Storie di malagiustizia
Il dramma di Davide e Tullio, in carcere per poche settimane per un residuo di pena

Davide ha 22 anni ed è alla sua unica vicenda giudiziaria. Ha sbagliato a partecipare alla rapina, seppure con un ruolo di supporto ai veri esecutori. Ha risarcito il danno e affrontato il processo, ricorrendo in Appello al concordato: tre anni di reclusione. Questa condanna l’ha scontata quasi interamente agli arresti domiciliari, senza violare alcun obbligo. Ma quando mancavano circa quattro mesi alla fine della condanna, Davide è stato portato in carcere. Perché? Perché la sentenza era diventata definitiva. Insomma, pura questione di burocrazia giudiziaria, nulla di più.
Tullio, invece, ha più di 70 anni, una condanna per contrabbando di sigarette e un cuore che funziona con il supporto di due bypass. Da alcuni mesi è in carcere, a Poggioreale, perché la condanna è divenuta definitiva ma a causa di disfunzioni burocratiche ha ricevuto le cure e i farmaci salvavita di cui ha bisogno solo dopo che il suo difensore ha chiesto l’intervento del garante regionale.
Le storie di Tullio e Davide arrivano da Napoli a sollevare una riflessione sulla norma che prevede di sbattere in galera chiunque abbia un residuo di pena da scontare una volta che la condanna è divenuta definitiva, lasciando poi ai giudici della Sorveglianza la rivalutazione del singolo caso. Ma visto che il Tribunale di Sorveglianza non funziona con ritmi e tempi ragionevoli, perché è ormai storia nota che il settore della Sorveglianza sia tra quelli più in affanno nell’ambito della giustizia e a Napoli più che mai a causa di vuoti negli organici di personale amministrativo e di magistratura che di anno in anno si allargano come voragine senza che vi sia stato nel recente passato un intervento realmente risolutivo, l’applicazione di questa norma genera storture giudiziarie.

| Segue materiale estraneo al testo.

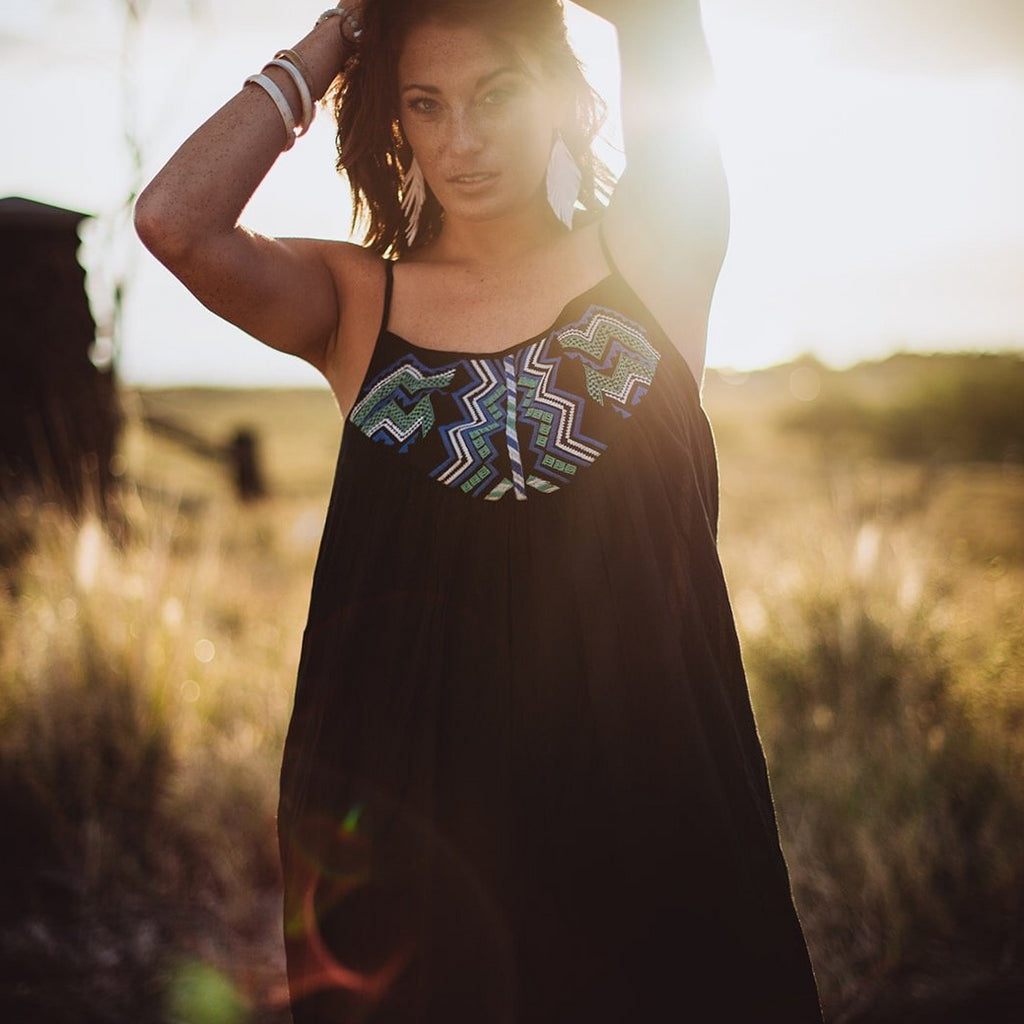 Black Pleated Maxi Dress w/accent-Dresses, Sale-Womens Artisan USA American Made Clothing Accessories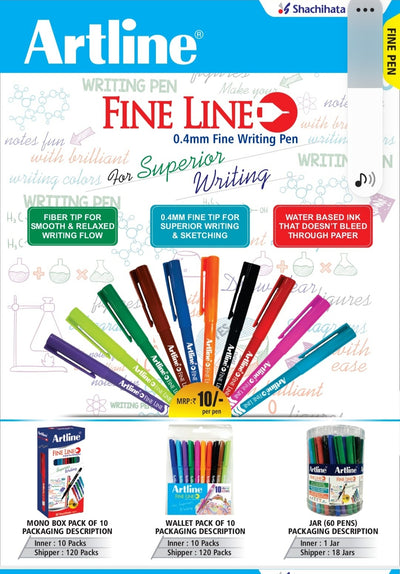 ARTLINE FINE LINE 0.4MM COLOUR PEN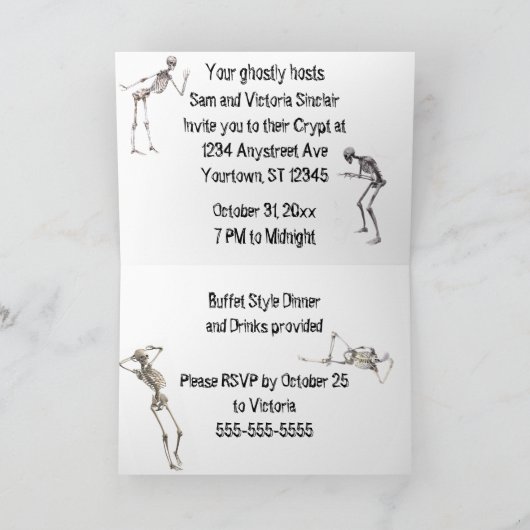 Skeleton Dance Halloween Fête Invitation (Intérieur)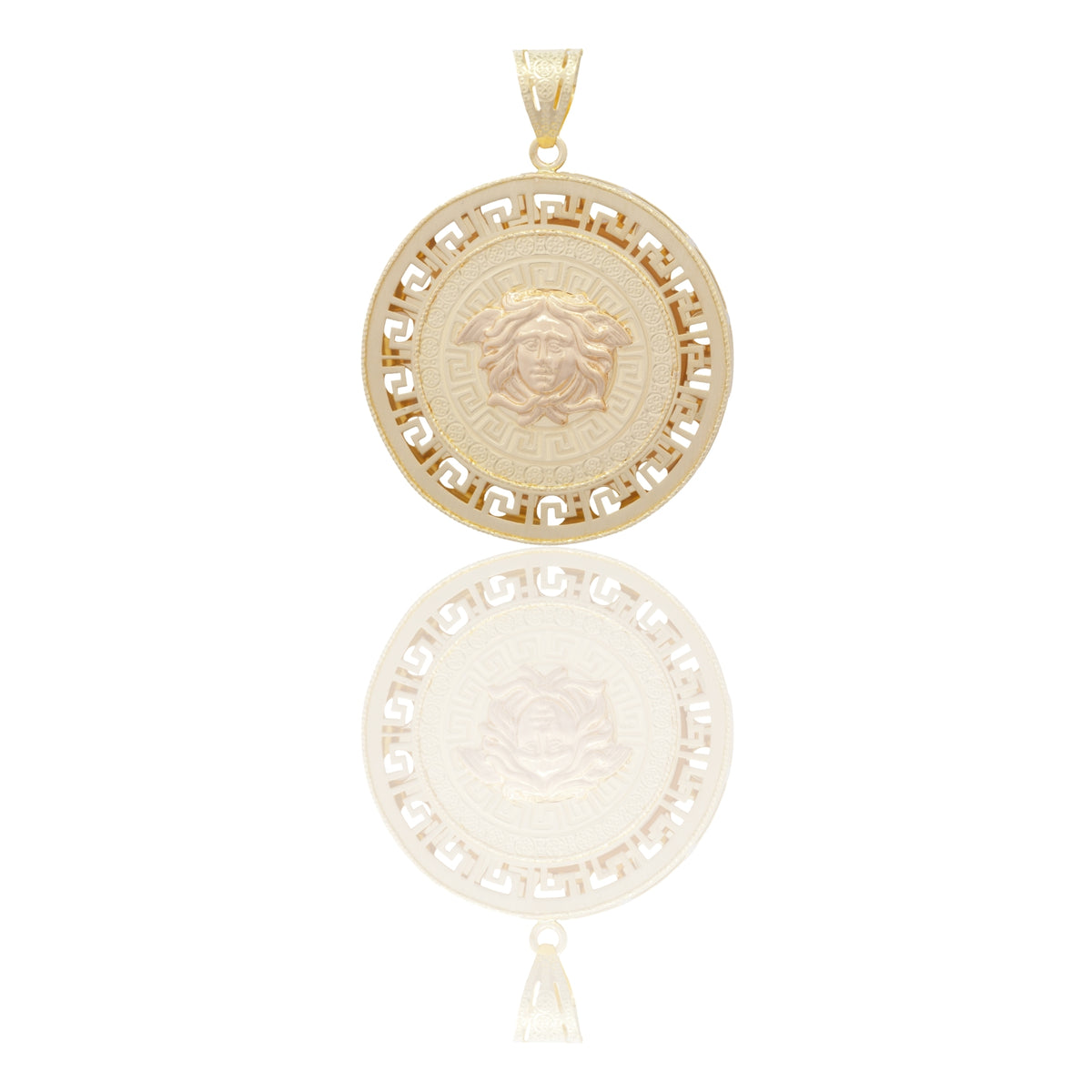 Ciondolo Oro Giallo Oro 18 carati Tondo Medusa Centrale Contorno Greca Solo Oro cm.4,5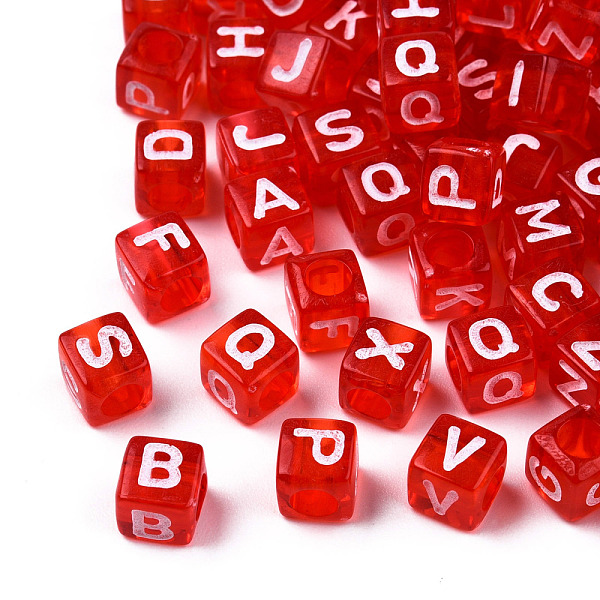 

PandaHall Transparent Acrylic Beads, Cube with White Random Mixed Letters, Red, 6x6x6mm, Hole: 3.5mm Acrylic Cube Red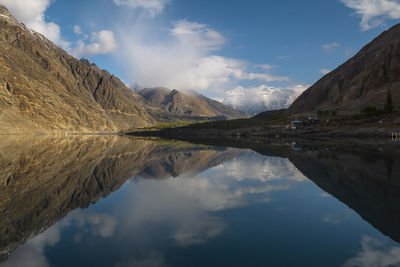 Scenic view of lake and mountains against sky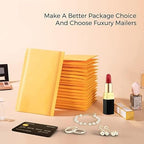 Fuxury Kraft Bubble Mailers 4x8" 400Pack Padded Envelopes Thick Bubble Envelopes Usable Size 4x7" Waterproof Cushioned Padded Mailers Packaging for Small Business #000 Yellow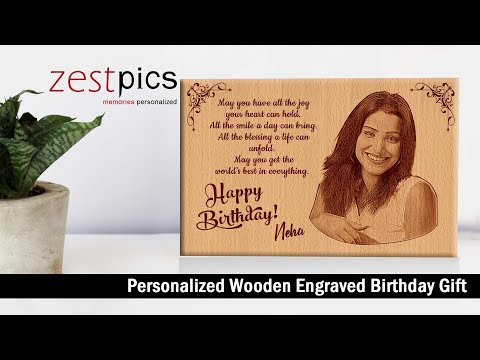 Carving India Personalised Wooden Photo Frame - Engraved Customised Photo Plaque  Gift for Best Friend (Size 7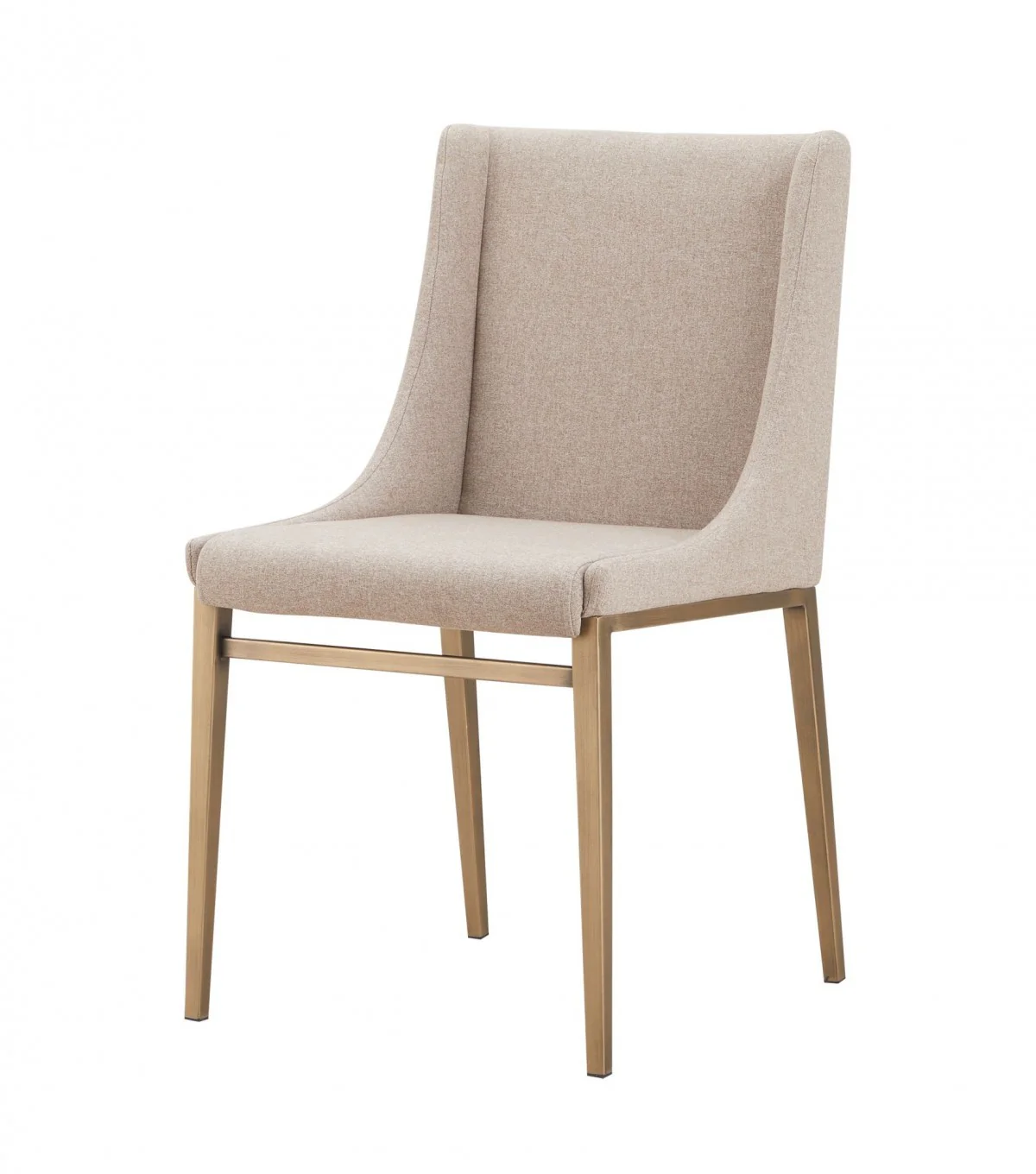 Set of Two Beige Brass Contemporary Dining Chairs By Homeroots - Image 2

Il fenomeno della cosiddetta porta girevole, quella che quando conclude il suo giro lascia sulla soglia del carcere decine, centinaia, migliaia di individui che vanno ad affollare le celle pur avendo da scontare un residuo di pena minimo. Ieri il Riformista ha raccontato la storia di un bambino di sette mesi finito in carcere, in Emilia Romagna, perché sua madre deve scontare un residuo di pena di venti giorni. Da Napoli arriva ora la storia di Davide, finito in cella per un residuo di pena di pochi mesi.
«Il mio assistito – spiega l’avvocato Paolo Cerruti – non ha ritenuto di proporre un “inammissibile” ricorso per Cassazione diversamente dai coimputati che, pur condannati con gravi precedenti penali e con pene ancor più gravi, pendendo il ricorso per settembre dinanzi alla settima sezione, sono attualmente in regime di arresti domiciliari». Davide, come i suoi coimputati, in Appello aveva fatto ricorso al concordato. «Tale leale comportamento si è riverberato negativamente nei confronti del mio assistito incensurato». Il giudice a cui è stata assegnata la procedura ha concesso al detenuto la liberazione anticipata, ma «per un ingiustificabile disguido delle cancellerie» non sono state trasmesse tutte le richieste. «A tutt’oggi dal 21 maggio nulla è stato fatto».
Sicché Davide è ancora in cella. «L’intelligente scelta di politica criminale adottata dal gup e finalizzata a non criminalizzare un incensurato è stata vanificata proprio da quell’ufficio preposto a verificare la personalità del detenuto – commenta l’avocato Cerruti – È paradossale – conclude – che un soggetto come Davide, che finirebbe la pena a metà settembre, debba ancora essere detenuto in carcere».